2/12/2013 Pictures & Prints
Rescued North East rail posters up for auction
A collection of railway posters are to be auctioned by Newcastle auctioneers Anderson & Garland and are hoped to bring up to £300 each.
Railway worker Michael Wilson went on a rescue mission as stations closed in the North East.
Michael, who lives in Blyth in Northumberland, saved a huge range of objects, many of which would have been thrown away or burned.
Now his collection of railwayana is to be sold on December 5 by Newcastle auctioneers Anderson & Garland.
It includes around 70 artwork posters from the 1960s-70s which promoted railway travel to destinations throughout the country plus rail breaks in Europe.
Mr Wilson said: “The posters were only placed on the billboards for a limited time and occasionally there was nowhere to put them at all. There was only so much space available and if there were more important items to go up the posters didn’t get used.
“When they were not required any more, they were used for wrapping stuff up, put down on the floor when it had been washed or used to light the fire.
“They weren’t looked on as anything special, they were just a piece of advertising material.”
Now the posters, which have been stored with the rest of the railway material in Mr Wilson’s loft and garage for years, are set to fetch between £50 and £300 each.
There are also posters for films and theatre shows which were displayed on station billboards, including the John Wayne movie The Alamo, and Ella Fitzgerald in concert.
Mr Wilson carried out clerical duties and jobs like ticket sales and passenger inquiries in his 38 years of service on stations from Gateshead to South Shields, Blaydon to Hexham and Sunderland. He was based at South Shields when the station closed as the line switched to the Metro service.

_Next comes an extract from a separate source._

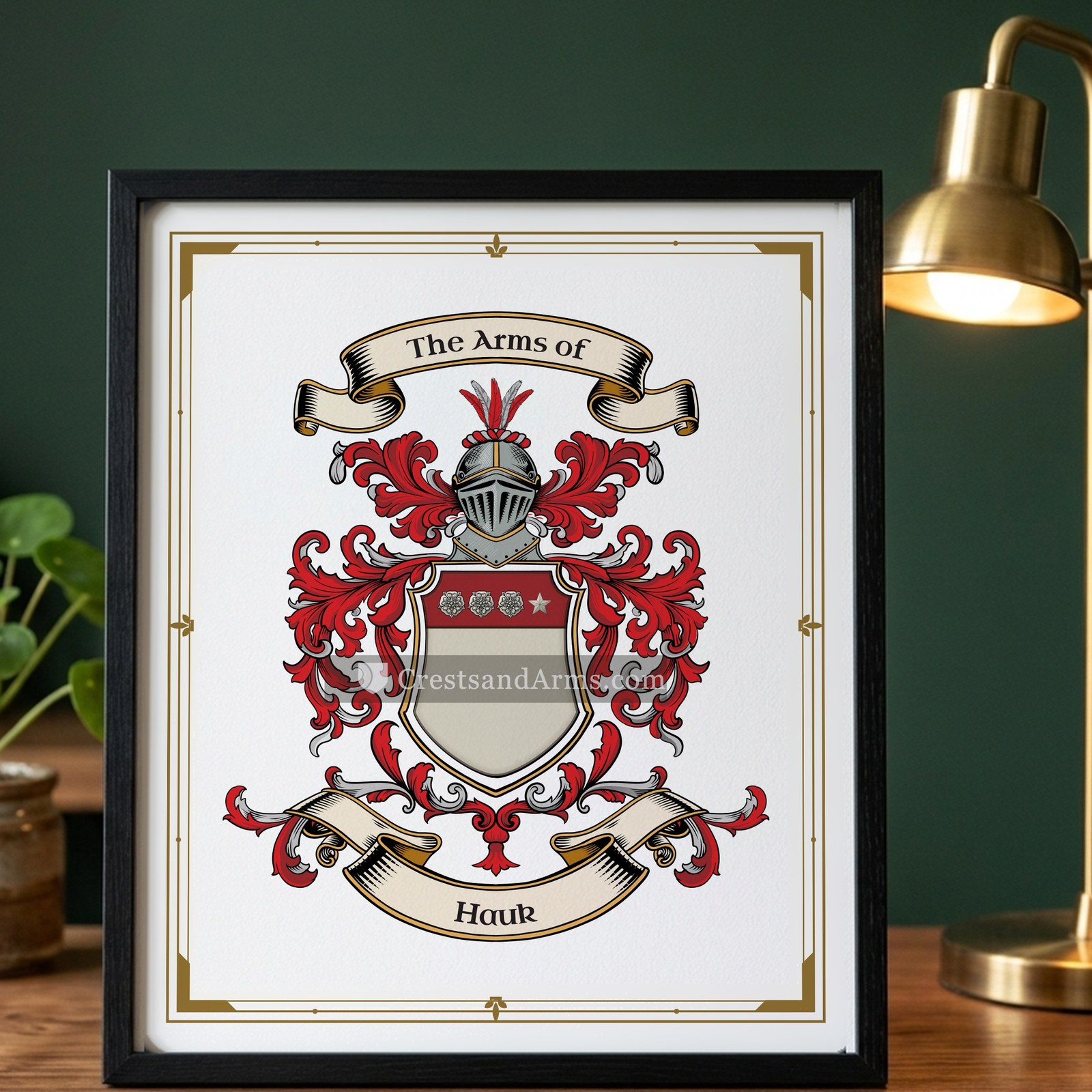 The Hauk arms on the framed, black wood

Mr Wilson saved items such the Ladies Waiting Room sign from the station, passenger traffic returns from the 1870s to 1940 from the back of a cupboard and a photograph of station staff from the turn of the last century.
“In the early 1980s, when they closed South Shields station before the Metro took over, anything that couldn’t be used went on a bonfire which burned for five days,” said Mr Wilson.
“I rescued a lot of the stuff which would have otherwise gone the journey. Nobody then thought it would be worth anything.”
Also in the sale is stationary from stations and stamps with the names of various stations. timetables, parcel books, and uniform items.
“I’m a hoarder – we’re war babies, you keep things just in case,” said Mr Wilson.
Anderson & Garland’s Fred Wyrley-Birch said: “Michael has built up a fantastic collection that is in absolutely amazing condition.
“It’s unbelievable that posters of this quality were just thrown away or burnt, which makes this collection even more of a rare treasure trove for people interested in the railways, period advertising or just beautiful vintage artwork.”